*DATA SECTION*.
____________

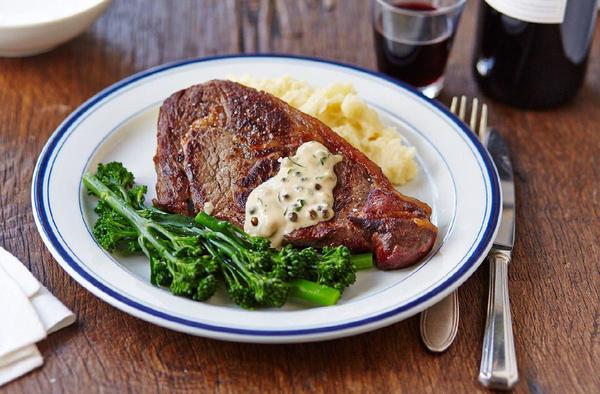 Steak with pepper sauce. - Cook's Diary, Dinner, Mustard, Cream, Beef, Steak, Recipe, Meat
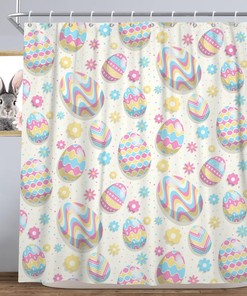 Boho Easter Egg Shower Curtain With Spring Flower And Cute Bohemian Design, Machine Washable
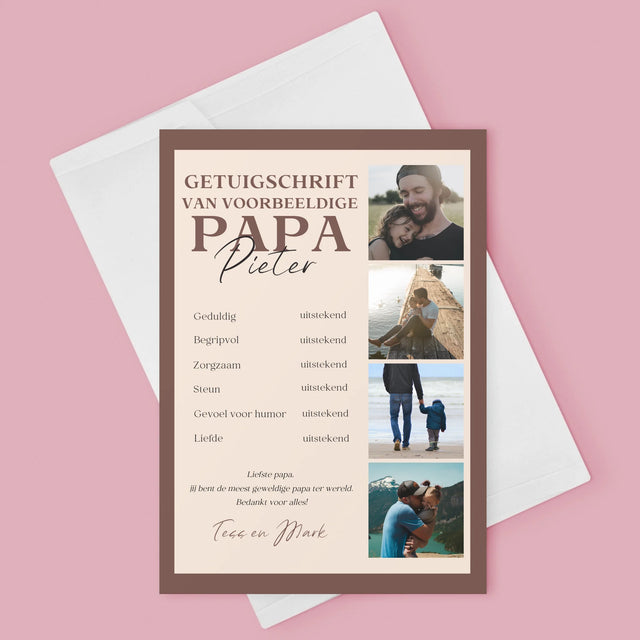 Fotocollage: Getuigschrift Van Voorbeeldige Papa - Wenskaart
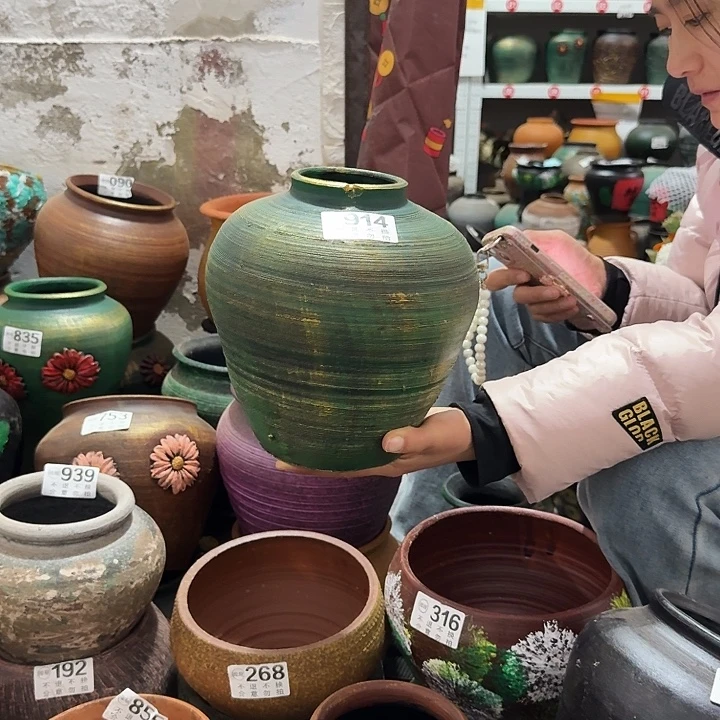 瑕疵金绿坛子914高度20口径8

____________

*AIM OF THE TASK*. A word-for-word copy of the listing is needed, with no pictures in it.

*RESULT BELOW*.
 Steak with pepper sauce. - Cook's Diary, Dinner, Mustard, Cream, Beef, Steak, Recipe, Meat
 Boho Easter Egg Shower Curtain With Spring Flower And Cute Bohemian Design, Machine Washable
 Fotocollage: Getuigschrift Van Voorbeeldige Papa - Wenskaart
 瑕疵金绿坛子914高度20口径8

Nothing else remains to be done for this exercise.